Source information section start
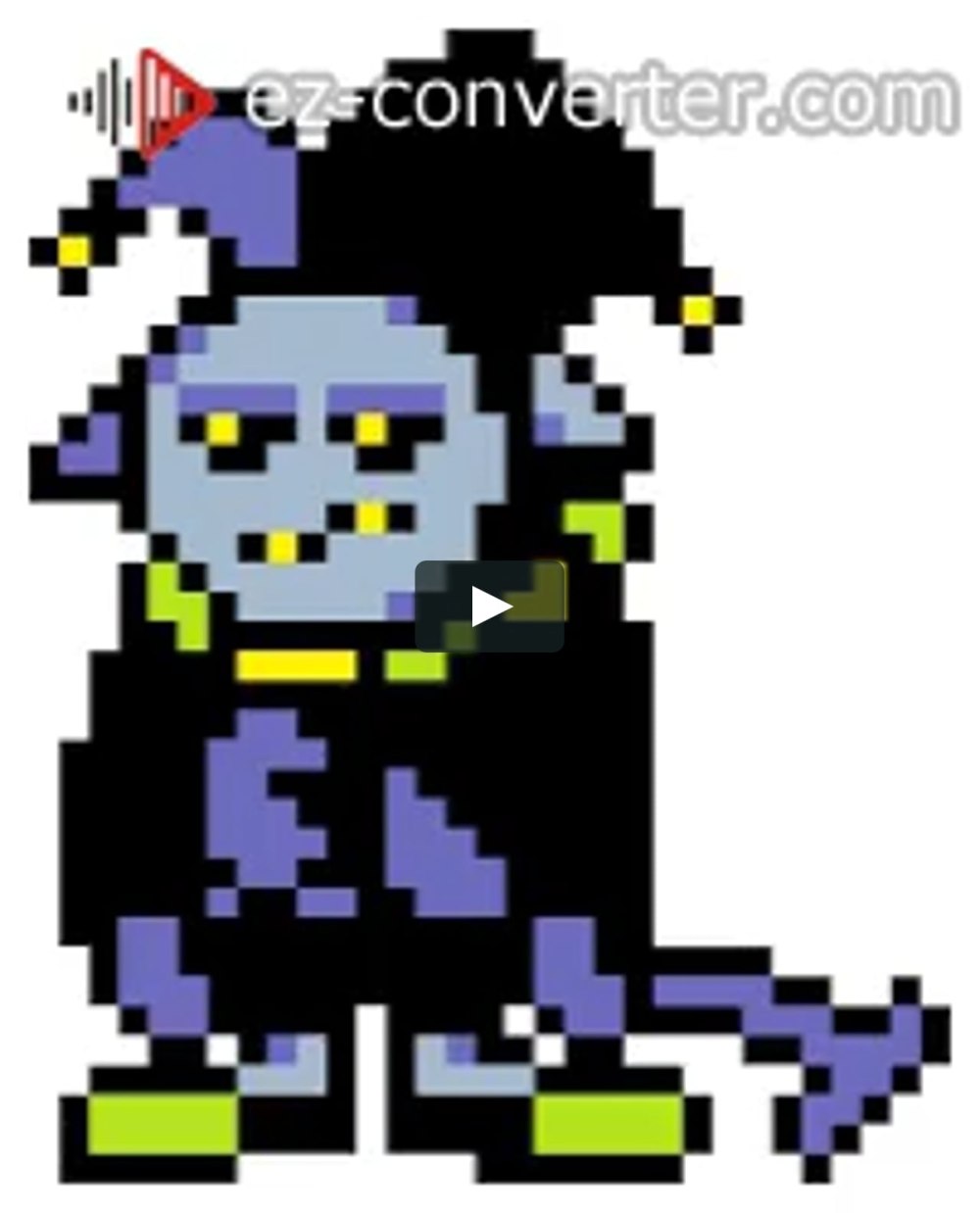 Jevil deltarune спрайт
Source information section end
Source information section start
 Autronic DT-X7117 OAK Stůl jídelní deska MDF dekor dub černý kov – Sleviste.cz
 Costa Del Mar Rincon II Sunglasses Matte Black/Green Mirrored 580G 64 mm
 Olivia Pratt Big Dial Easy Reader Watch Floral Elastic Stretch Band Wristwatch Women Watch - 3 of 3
Source information section end
_Problem to solve_
When the line with "Autronic DT-X7117 OAK" is reached in the data above, begin copying, and stop after the line with "Olivia Pratt Big"; copy each line exactly, both ends included.

_Result of the task_
 Autronic DT-X7117 OAK Stůl jídelní deska MDF dekor dub černý kov – Sleviste.cz
 Costa Del Mar Rincon II Sunglasses Matte Black/Green Mirrored 580G 64 mm
 Olivia Pratt Big Dial Easy Reader Watch Floral Elastic Stretch Band Wristwatch Women Watch - 3 of 3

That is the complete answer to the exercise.